“Women are always getting ill more or less. Their natural place in the scheme of things makes them weaker. In the beginning of things they were in a dangerous world; as the vehicle of the new life it was not well that they should take their place amidst the same dangers as the men. Otherwise the race might have died out. So they were adapted by nature to a softer life. Their brains are smaller, their nerves more sensitive. If they’d been made as strong as men, physically, nothing would have kept them from fighting and exploring and getting killed.”
“But—but—how awful! And you mean I’ll have headaches and things always because I’m a woman?”
“Because you’re a woman and, to quote your Professor, biologically important. Important to the race, that is—not intrinsically important. To keep you out of dangers and hardships—and mischief,” he said, chuckling as he watched her indignant face.
“Well, then I won’t be a woman! Coddled! I never heard anything so disgusting! Doctor, I’m going to be a Siegfried, a John the Baptist! I’m going to be a man!”
The doctor laughed loudly and told her to wait awhile, when she would laugh at this Marcella who was so eager, so impatient now.
That conversation marked an epoch for Marcella. To use the doctor’s phrase, it made her shake hands with her body. His medicine cured the neuralgia, though it would probably have cured itself now that the strain of her father’s illness was over. But the headaches persisted right on until the springtime, bringing gusts of impatience and strange demands and urgencies that made her begin to get tired of the farm and Lashnagar and set her feet longing to be away on strange roads.

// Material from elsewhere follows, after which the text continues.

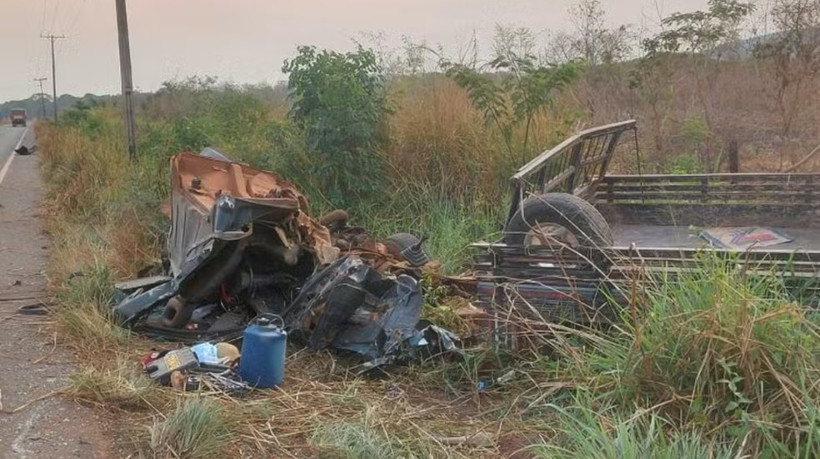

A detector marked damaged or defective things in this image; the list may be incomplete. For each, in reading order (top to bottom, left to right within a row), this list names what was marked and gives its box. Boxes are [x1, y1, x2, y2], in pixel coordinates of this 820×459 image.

wrecked vehicle [112, 149, 448, 372]
detached tire [502, 192, 612, 248]
wrecked vehicle [474, 120, 820, 326]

One sunny dawn she came down to the beach and, throwing off her clothes, ran across the strip of shingle, and then, with rapture in the softness of the air after the sharp bite of winter and spring mornings, she flew as if on wings over the yellow sand and into the water that was sliding in gently, almost motionlessly. She danced in the little lazy waves. They seemed playmates to-day, though usually they fought and buffeted her; she had her usual swim out to the islet where the fishermen kept their nets and it seemed very splendid just to be alive. Then she swam back to the shore where her clothes lay in a little heap, and it occurred to her that she had brought no towel.
“I’ll have to dry like washing does—in the sun,” she laughed, wringing her hair in her hand as she stood in a motionless little rock pool. The drops sparkled round her and, looking down at their little splashes, she caught sight of her reflection in the pool as she stooped forward to shake her hair. For a moment she stared, as Narcissus once stared. But unlike Narcissus she did not fall in love with herself. From the reflection she let her eyes travel over her body, and noticed that curves and roundnesses were taking the place of boyish slimness.